Der Name Samsa ist ein Kryptogramm für Kafka. Suah Im kommt auf die Ameise durch ihr chinesische Horoskop, dessen Name / Bild in der koreanischen Sprache wie Ameise klingt. In beiden Fiktionen nimmt mit der Verwandlung eine groteske, absurde Geschichte mit ebensolchen Situationen ihren Ausgang und ihren Lauf. Beide nehmen durchaus persönliche Erinnerungen und Erfahrungen mit in Anspruch. Die Fiktion hat bei beiden ausgesprochen realistische Züge, und zugleich ist es wie grotesker Wahnsinn, was die Verwandlung betrifft und die Konstellationen, die sich in den Bildern ergeben. Also eine Gemengelage von scheinbarem Realismus und phantastischer Irrealität, von realistischer Beschreibung und dem Ungeheuerlichen, dem eigentlich Unmöglichen, das aber in der Fiktion uns sehr nahe kommt. Franz Kafka ist ein literarischer Meister des Absurden. Suah Ims Bilder sind so stark, weil sie das Absurde zugleich anrührend werden lässt.

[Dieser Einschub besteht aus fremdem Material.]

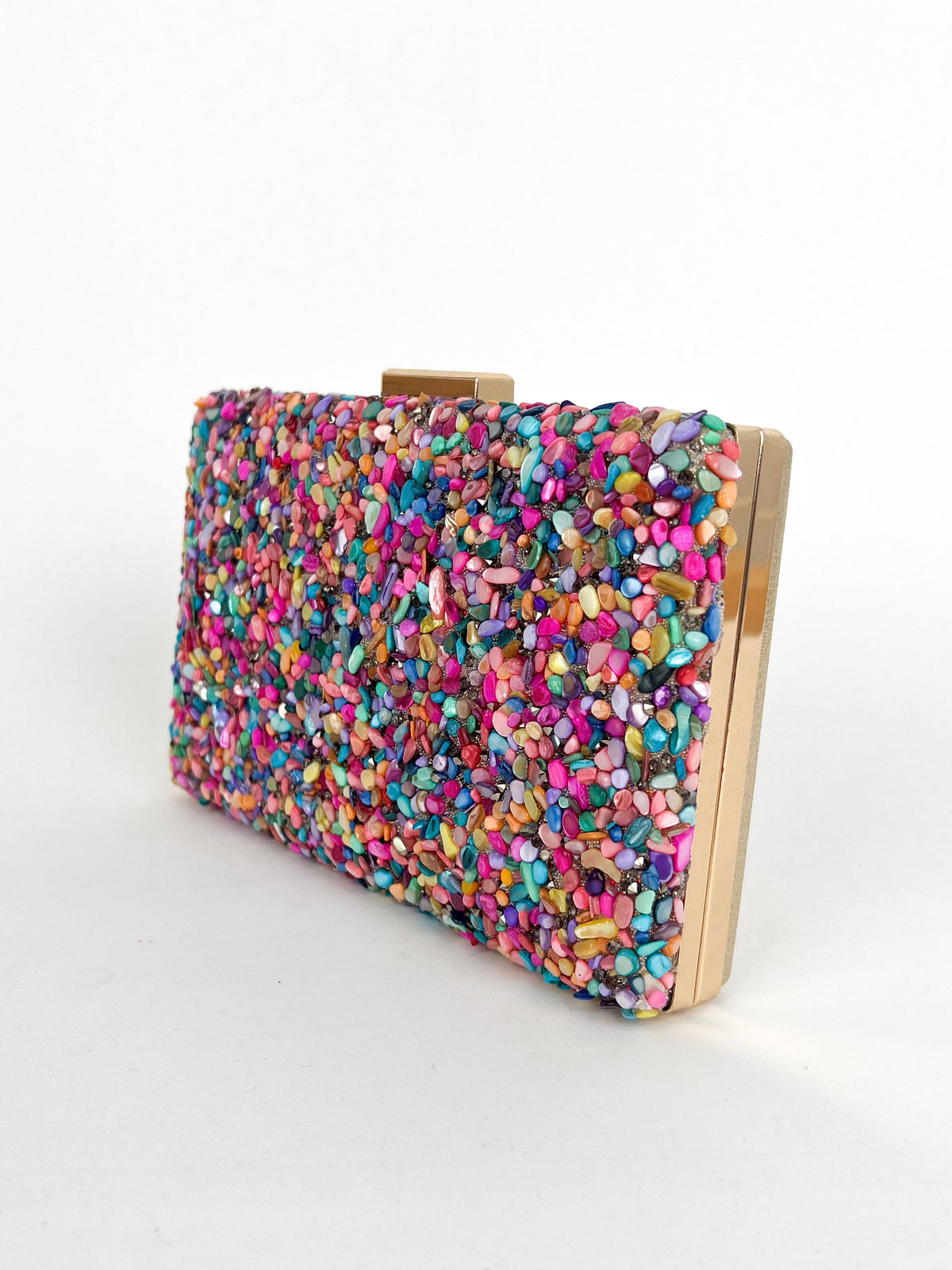 Clutch com pedras coloridas em tom dourado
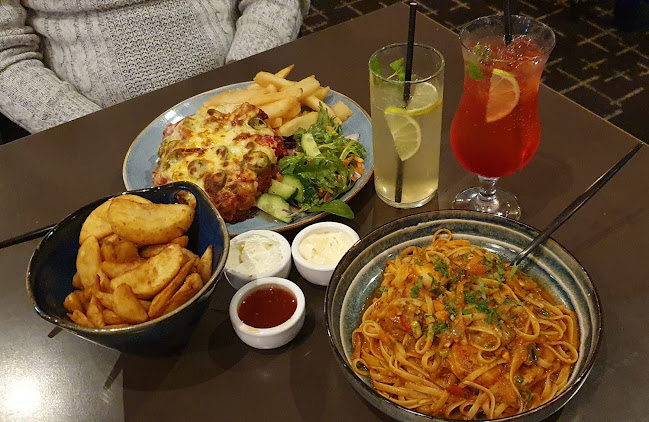 The Black Horse Hotel - Melbourne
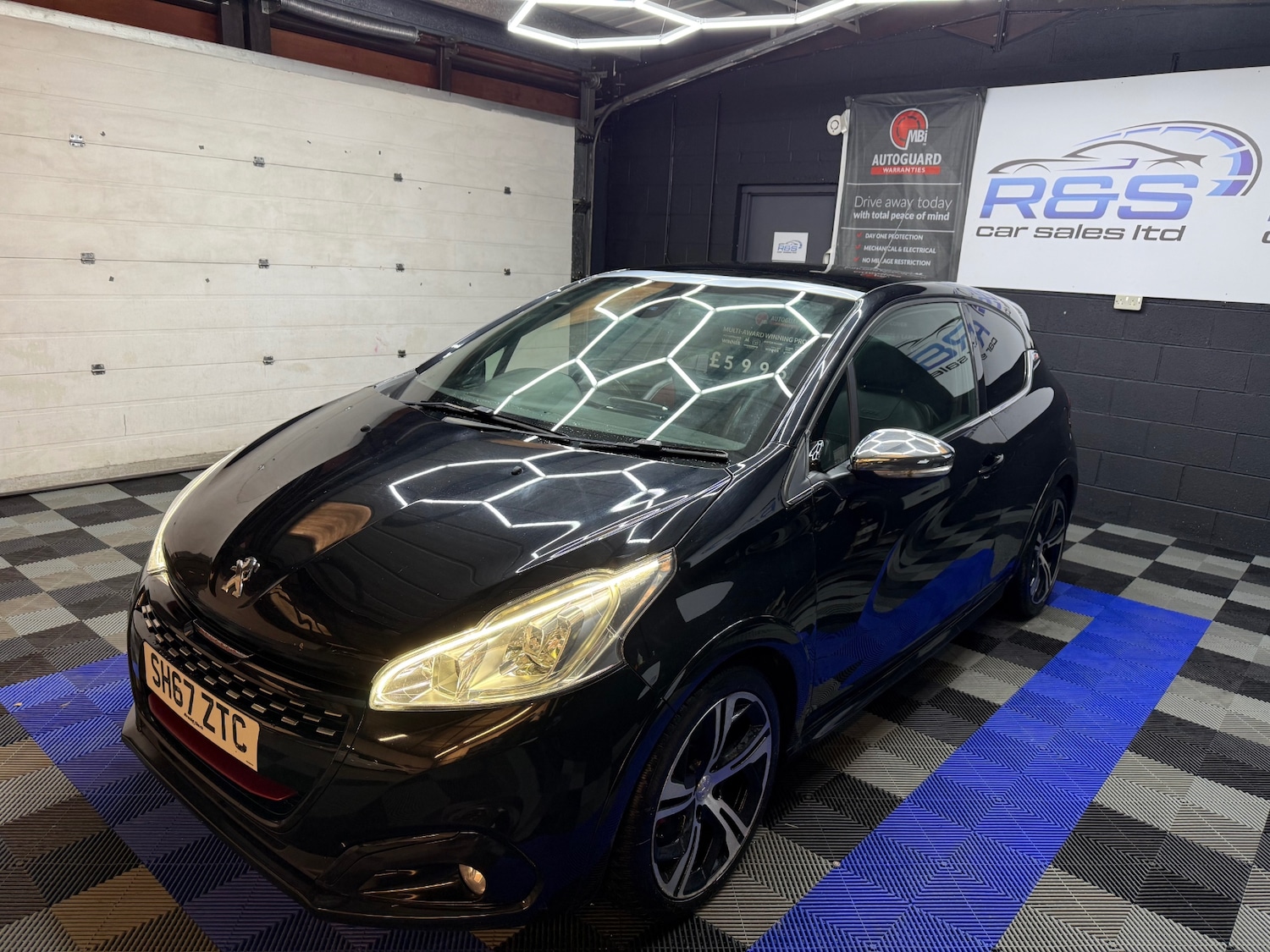 Used Peugeot 208 2017 for sale - 77423193: Photo 7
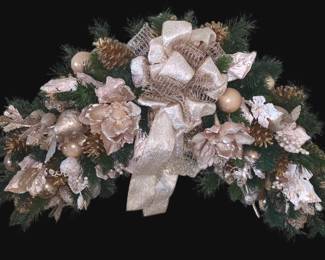 Holiday Garland Decor Piece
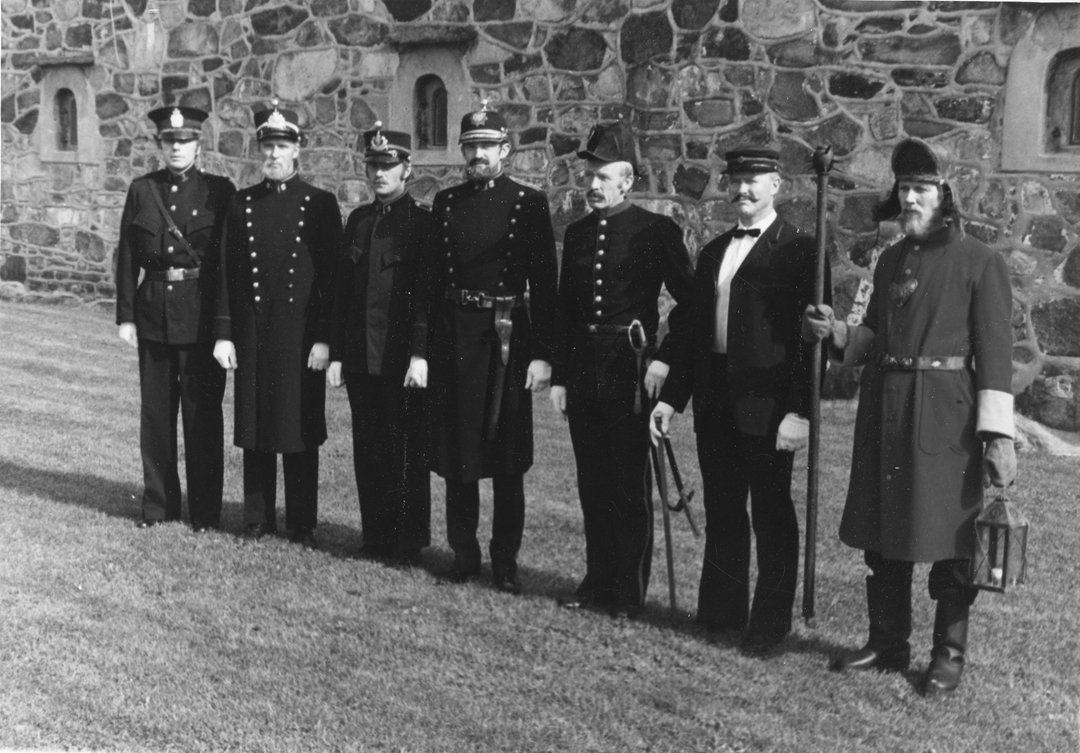 Uniformsparade utenfor Erkebispegården i forbindelse med Cicignon-jubileet i 1981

Die Philosophie des Absurden bezieht sich auf den Konflikt zwischen einerseits dem menschlichen Streben, eine Erklärung und einen Sinn des Lebens, des Ichs oder des Selbst zu suchen, und andererseits der menschlichen Unfähigkeit, irgendwelche sicheren und verlässlichen Bedeutungen zu finden. Und was tun Künstler*innen wie Suah Im oder wir? Nach albert Camus begegnet man dem Absurden, indem man sich dagegen auflehnt, ihm nicht etwa Sinn sondern vielmehr Wert abtrotzt, Wert für neue, andere Wege als die des Gewohnten, Normalen in dem, was wir für Realität halten.  Realität und deren Wahrnehmung sind letztlich genauso Konstruktionen in unserem Denken wie die Fiktionalität der Geschichten und Situationen, die wir in der Ausstellung sehen. Eigentlich ist das Leben und das Ich, wenn wir es denn suchen, mit allen absurden und grotesken Widersprüchen ungeheuer, fragil, fragwürdig – und das ist vielleicht der Sinn, meines Erachtens auf jeden Fall der Wert der Kunstwerke von Suah Im. Angst davor hat damit zu tun, sich angesichts dessen klein zu fühlen.